Fearful Symmetry (2x18)
written by Steve De Jarnatt
MULDER: That's not surprising. The security monitors don't have a recording of anything either. Just a giant implosion of glass like some kind of giant shock wave.
SCULLY: What the janitors describe sounds more like a sonic boom.
MULDER: No sonic boom did this. The construction worker who was killed had his spine crushed like a string of seashells, a circular abrasion on his torso in roughly the shape of an elephant's foot. Other workers at the site said they felt the ground shake followed by a faint whiff of animal odor in the wind.
SCULLY: Mulder, if you're still suggesting that the elephant did this, it just defies logic. Somebody would have seen it.
MULDER: Well, if somebody would have seen it, Scully, we wouldn't be here. Another vehicle would have left evidence of a collision - distress to the metal, or paint. I can see signs of neither of those things. I'd be willing to admit the possibility of a tornado but it's not really tornado season. I'd even be willing to entertain the notion of a black hole passing over the area... or some cosmic anomaly, but it's not really black hole season, either. If I was a betting man I'd say that it was, uh, ...
SCULLY: An invisible elephant?
MULDER: I saw David Copperfield make the Statue of Liberty disappear once.
SCULLY: Have they determined what he died of?

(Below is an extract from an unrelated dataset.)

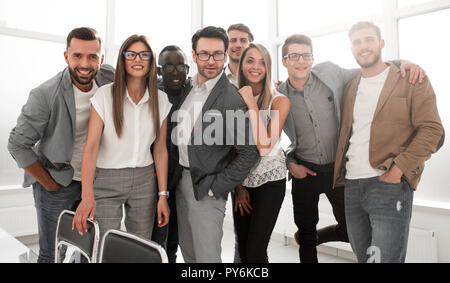 Ambitieux business team standing in a modern office Banque D'Images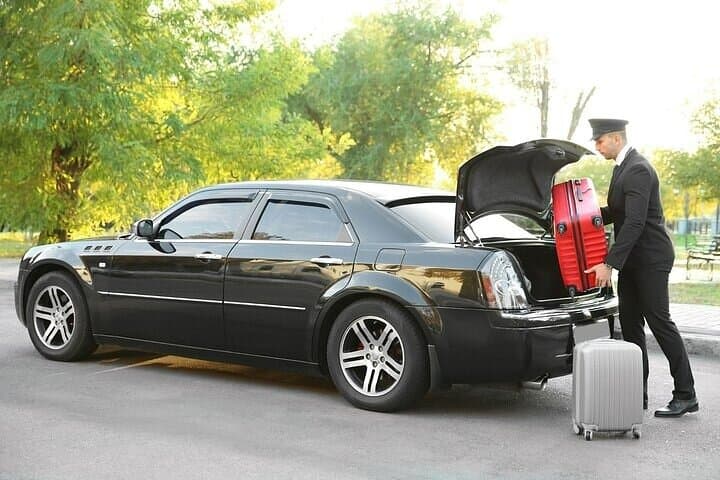 Private One-way Transfer John F. Kennedy Airport To New York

MEECHAM: She. Ganesha was a 12-year-old Indian female [elephant]. Near as I can figure, she ran herself into exhaustion.
WILLA AMBROSE: Elephants aren't particularly good jumpers if that's what you're thinking.
KYLE LANG: The W.A.O. believes only tragedy results from keeping animals in captivity. In the wild, an elephant like that would roam an area 20 square miles, minimum. Ganesha weighed in excess of 5000 pounds, and she was being held in a 50 by 50 foot cage.
SCULLY: And you consider that inhumane treatment?
KYLE LANG: It's like you or I living in a pickle barrel.
KYLE LANG: Endangering these animals is against everything we believe. These are incredibly spiritual creatures. Their rituals and behavior are linked to a past no man ever witnessed. Did you know they actually bury their dead? They can visit an elephant graveyard centuries old and know instinctively where the bones of their ancient ancestors lie.
KYLE LANG: All animals should run free.
SCULLY: Even if that means trampling a man to death?
KYLE LANG: Maybe he should have gotten out of the way.
MULDER: I'm sure he would have if he'd seen it coming.
BYERS: So what's this costing the taxpayers, Mulder?
MULDER: Uh, about 150 bucks an hour.
FROHIKE: Ouch. Almost as much as Bill Clinton's haircuts.
MULDER: What do you know about alien abduction?
WILLA AMBROSE: You're ... you're ... you're kidding me. You think these animals were taken aboard some space ship?
MULDER: I don't know where they're being taken but there's obviously some problem getting them back. Due to what is probably an astrological variation, a trouble with the time-space continuum - these animals that are being taken from locked cages are being returned roughly two miles westsouthwest of the zoo.
WILLA AMBROSE: Aliens impregnating zoo animals?
MULDER: Yes, and harvesting the embryos.
WILLA AMBROSE: Why?
MULDER: Maybe their own Noah's ark? To preserve the DNA of these animals that we're depleting to extinction.
MULDER: (voiceover) ... the pall of a greater tragedy remains. The motives of the silent visitors who set these events in motion remain unclear. Could this be a judgement on a global rate of extinction that has risen to 1000 times its natural rate in this century? An act of alien conservation of animals we are driving hard toward oblivion? And if so, might it follow that our own fate and existence could finally be dependent upon the conservatorship of an extraterrestrial race? Or in the simple words of a creature whose own future is uncertain, will "man save man?"